» **Task item**
From the listing below, retype exactly the line holding "Billede 3 - Mini", the line holding "飛鳥山公園への出張お掃除：）画像", and the lines between them; skip everything else.

» **Extracted data**

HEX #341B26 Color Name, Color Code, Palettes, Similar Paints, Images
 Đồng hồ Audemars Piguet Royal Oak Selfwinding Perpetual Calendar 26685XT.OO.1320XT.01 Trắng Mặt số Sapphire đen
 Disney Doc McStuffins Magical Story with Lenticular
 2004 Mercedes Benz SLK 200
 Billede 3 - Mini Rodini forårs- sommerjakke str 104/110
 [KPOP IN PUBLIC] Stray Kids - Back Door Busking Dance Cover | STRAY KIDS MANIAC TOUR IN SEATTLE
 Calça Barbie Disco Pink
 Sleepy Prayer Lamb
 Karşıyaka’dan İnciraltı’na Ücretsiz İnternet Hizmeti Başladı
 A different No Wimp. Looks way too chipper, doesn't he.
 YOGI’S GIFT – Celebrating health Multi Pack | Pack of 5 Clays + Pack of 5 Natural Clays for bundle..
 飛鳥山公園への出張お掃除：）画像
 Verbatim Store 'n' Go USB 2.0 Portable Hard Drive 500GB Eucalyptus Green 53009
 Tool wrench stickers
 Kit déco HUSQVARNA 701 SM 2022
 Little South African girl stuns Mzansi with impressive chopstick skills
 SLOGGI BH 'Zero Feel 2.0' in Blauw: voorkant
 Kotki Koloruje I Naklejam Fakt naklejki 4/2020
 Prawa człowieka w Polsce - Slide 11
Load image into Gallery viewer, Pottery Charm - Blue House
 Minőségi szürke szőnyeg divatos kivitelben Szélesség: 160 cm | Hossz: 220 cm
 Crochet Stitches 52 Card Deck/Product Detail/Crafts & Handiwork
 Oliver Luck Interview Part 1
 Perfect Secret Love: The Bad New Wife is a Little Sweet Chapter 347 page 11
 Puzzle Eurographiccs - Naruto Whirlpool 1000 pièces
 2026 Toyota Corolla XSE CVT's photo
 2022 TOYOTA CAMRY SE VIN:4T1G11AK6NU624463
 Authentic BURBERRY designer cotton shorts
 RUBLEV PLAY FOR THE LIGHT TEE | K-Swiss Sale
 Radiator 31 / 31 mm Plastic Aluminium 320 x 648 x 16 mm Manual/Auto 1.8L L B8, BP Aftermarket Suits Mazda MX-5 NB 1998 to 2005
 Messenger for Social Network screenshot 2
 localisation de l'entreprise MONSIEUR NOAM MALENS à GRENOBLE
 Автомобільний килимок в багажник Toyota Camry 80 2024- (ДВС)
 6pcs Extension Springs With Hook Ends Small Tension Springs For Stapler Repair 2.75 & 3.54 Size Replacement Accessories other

» **Response area**
 Billede 3 - Mini Rodini forårs- sommerjakke str 104/110
 [KPOP IN PUBLIC] Stray Kids - Back Door Busking Dance Cover | STRAY KIDS MANIAC TOUR IN SEATTLE
 Calça Barbie Disco Pink
 Sleepy Prayer Lamb
 Karşıyaka’dan İnciraltı’na Ücretsiz İnternet Hizmeti Başladı
 A different No Wimp. Looks way too chipper, doesn't he.
 YOGI’S GIFT – Celebrating health Multi Pack | Pack of 5 Clays + Pack of 5 Natural Clays for bundle..
 飛鳥山公園への出張お掃除：）画像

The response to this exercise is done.